Kevin Roose: Yeah. So it stands for artificial general intelligence. And you could probably ask a hundred different A.I. researchers, and they would give you a hundred different definitions. Researchers at Google DeepMind just released a paper this month that sort of offers a framework. They have five levels, ranging from zero, which is no A.I. at all, all the way up to Level 5, which is superhuman. And they suggest that currently ChatGPT, Bard, LLaMA are all at Level 1, which is sort of equal to, or slightly better than, an unskilled human. Would you agree with that?
Sam Altman: I think the thing that matters is the curve and the rate of progress. And there’s not going to be some milestone that we all agree, like, OK, we’ve passed it and now it’s called AGI. I think most of the world just cares whether this thing is useful to them or not. And we currently have systems that are somewhat useful, clearly.
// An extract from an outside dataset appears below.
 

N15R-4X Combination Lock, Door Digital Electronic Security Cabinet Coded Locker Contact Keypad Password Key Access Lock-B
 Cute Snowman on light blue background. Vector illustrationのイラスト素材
And whether we want to say it’s a Level 1 or 2, I don’t know.
But people use it a lot, and they really love it. There’s huge weaknesses in the current systems. I’m a little embarrassed by GPTs, but people still like them, and that’s good. It’s nice to do useful stuff for people. So, yeah, call it a Level 1. Doesn’t bother me at all.
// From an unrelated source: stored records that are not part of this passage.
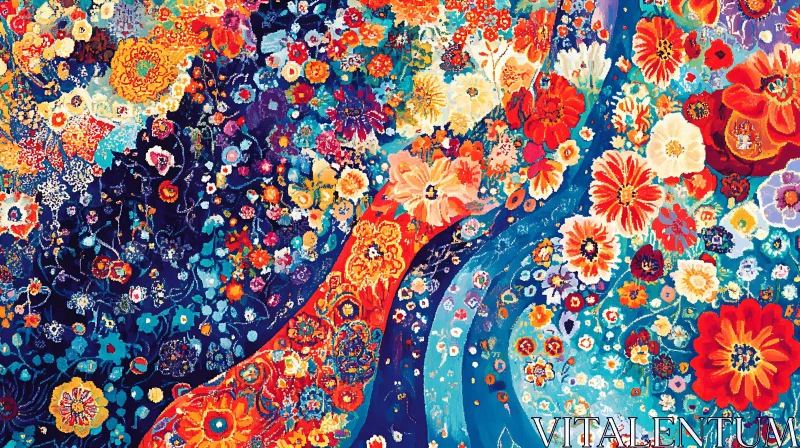 AI ART Colorful Flower Pattern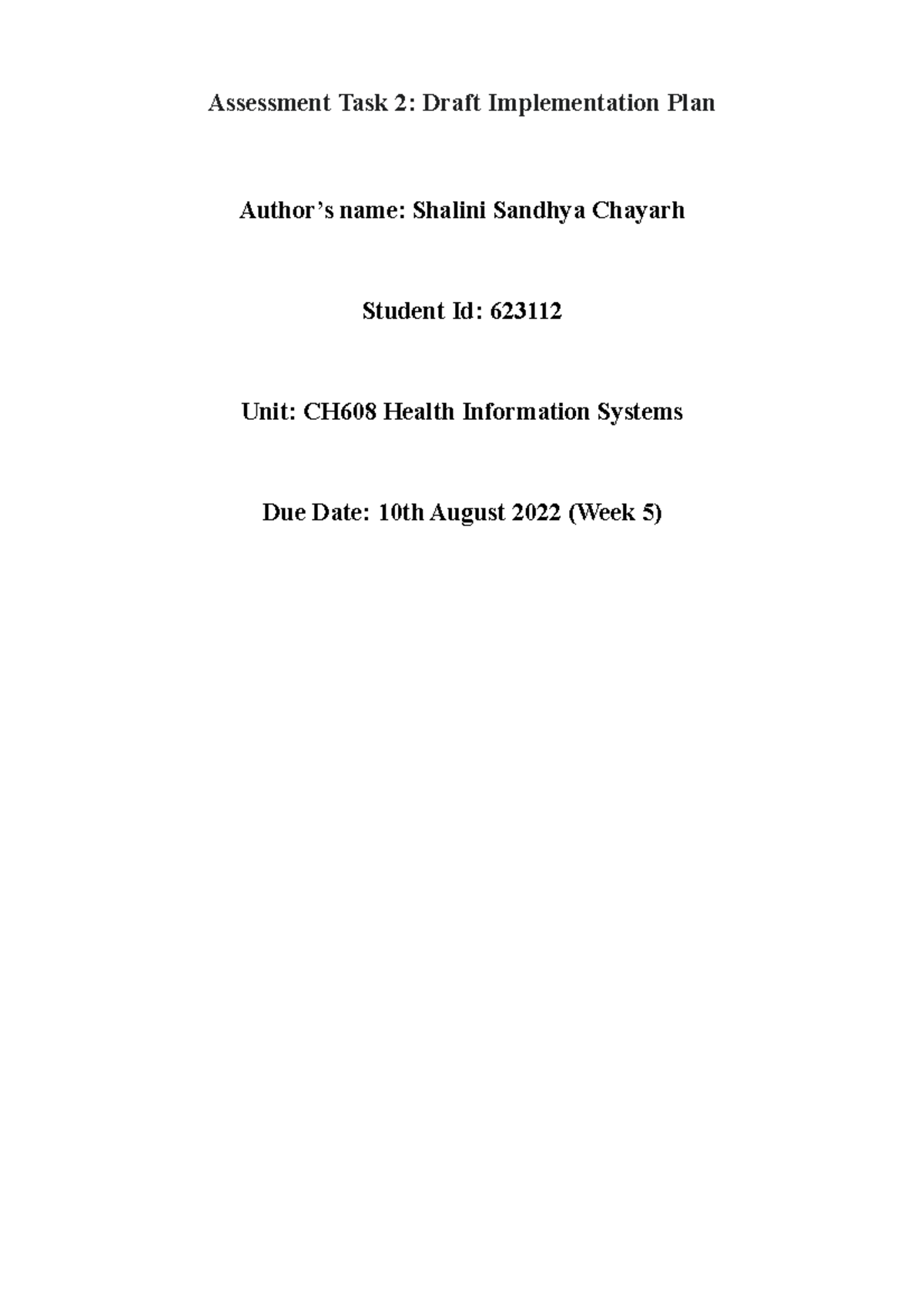 Assessment Task 2- Implementation - Assessment Task 2: Draft ...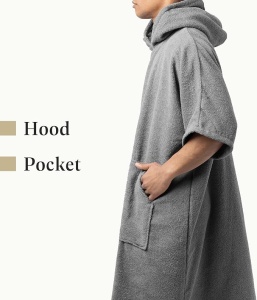 Poncho de baie unisex Homelevel, S-M, Gri, Bumbac organic, 54881.19.19 - Img 4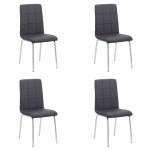 Set 4 scaune de bucătărie piele ecologică maro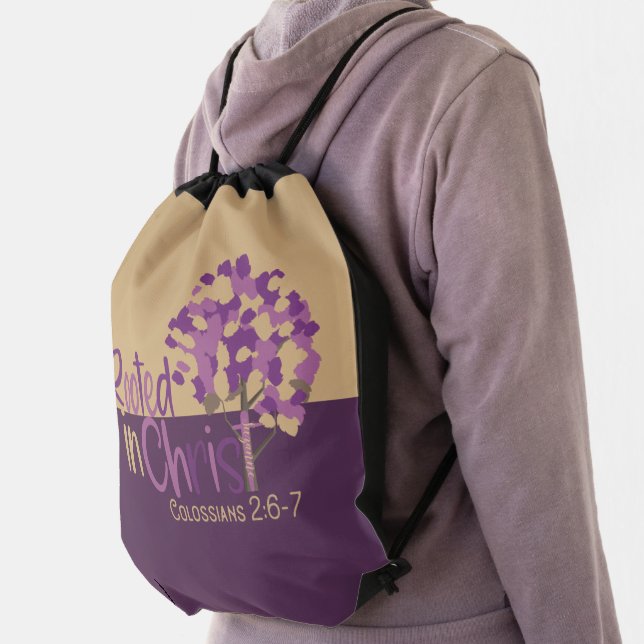 Christian Rooted In Christ Colossians 2:7 Add Name Drawstring Bag (Insitu)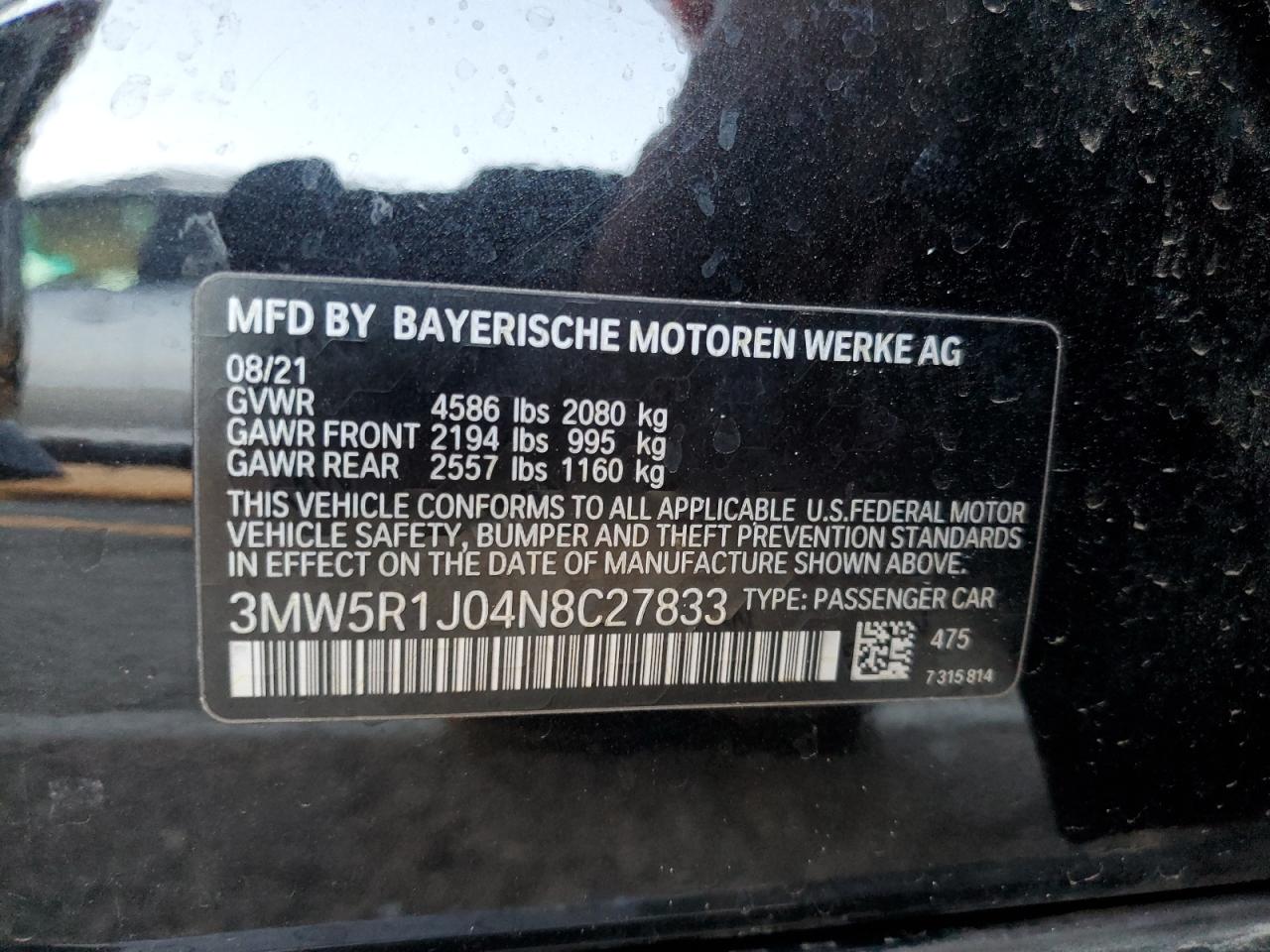 2022 BMW 330I VIN:3MW5R1J04N8C27833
Kevin Roose: What are today’s A.I. systems useful and not useful for doing?
Sam Altman: I would say the main thing they’re bad at is reasoning. And a lot of the valuable human things require some degree of complex reasoning. They’re good at a lot of other things — like, GPT-4 is vastly superhuman in terms of its world knowledge. It knows more than any human has ever known. On the other hand, again, sometimes it totally makes stuff up in a way that a human would not. But, you know, if you’re using it to be a coder, for example, it can hugely increase your productivity. And there’s value there even though it has all of these other weak points. If you are a student, you can learn a lot more than you could without using this tool. Value there, too.
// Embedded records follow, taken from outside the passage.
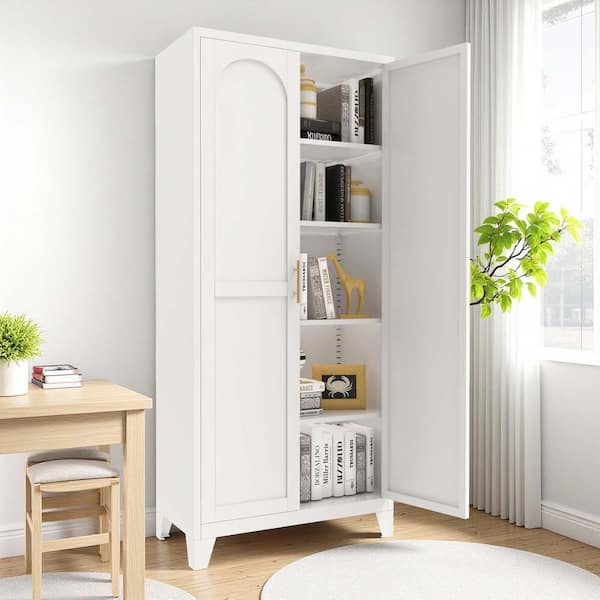 White 70.87 in. Tall Metal Accent Storage Cabinet File Cabinet with 4 Adjustable Shelves for Home, Office, Garage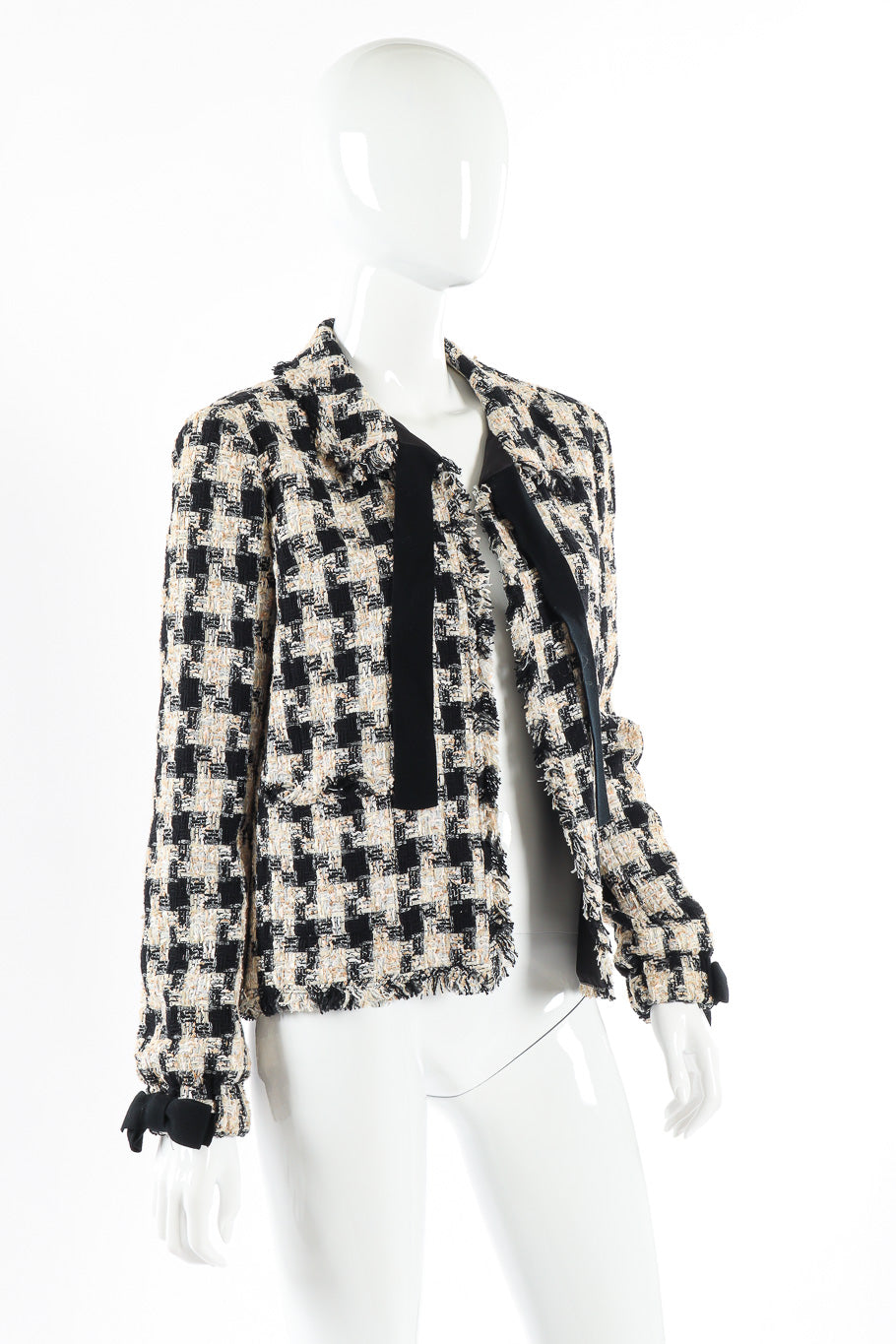 Bouclé check jacket by Chanel mannequin front untied @recessla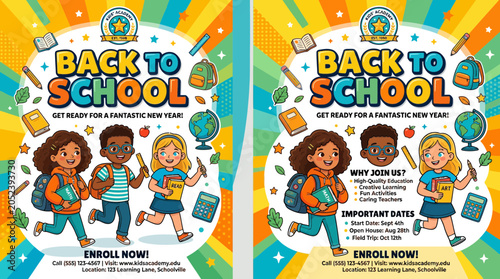 Slika na platnu Back to School Illustration: Happy Diverse Kids Ready for New Academic Year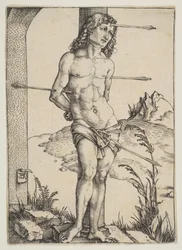 San Sebastián atado a la columna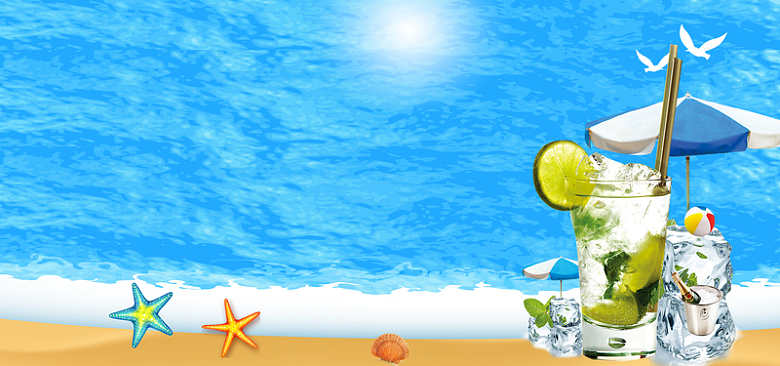 夏日酷暑柠檬冷饮冰爽蓝色背景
Kevin Roose: Right now, I think what’s holding a lot of people back in a lot of companies and organizations is that it can be unreliable — it can make up things; it can give wrong answers. Which is fine if you’re doing creative writing assignments, but not if you’re a hospital or a law firm or something else with big stakes. And how do we solve this problem of reliability? And do you think we’ll ever get to the sort of low fault tolerance that is needed for these really high-stakes applications?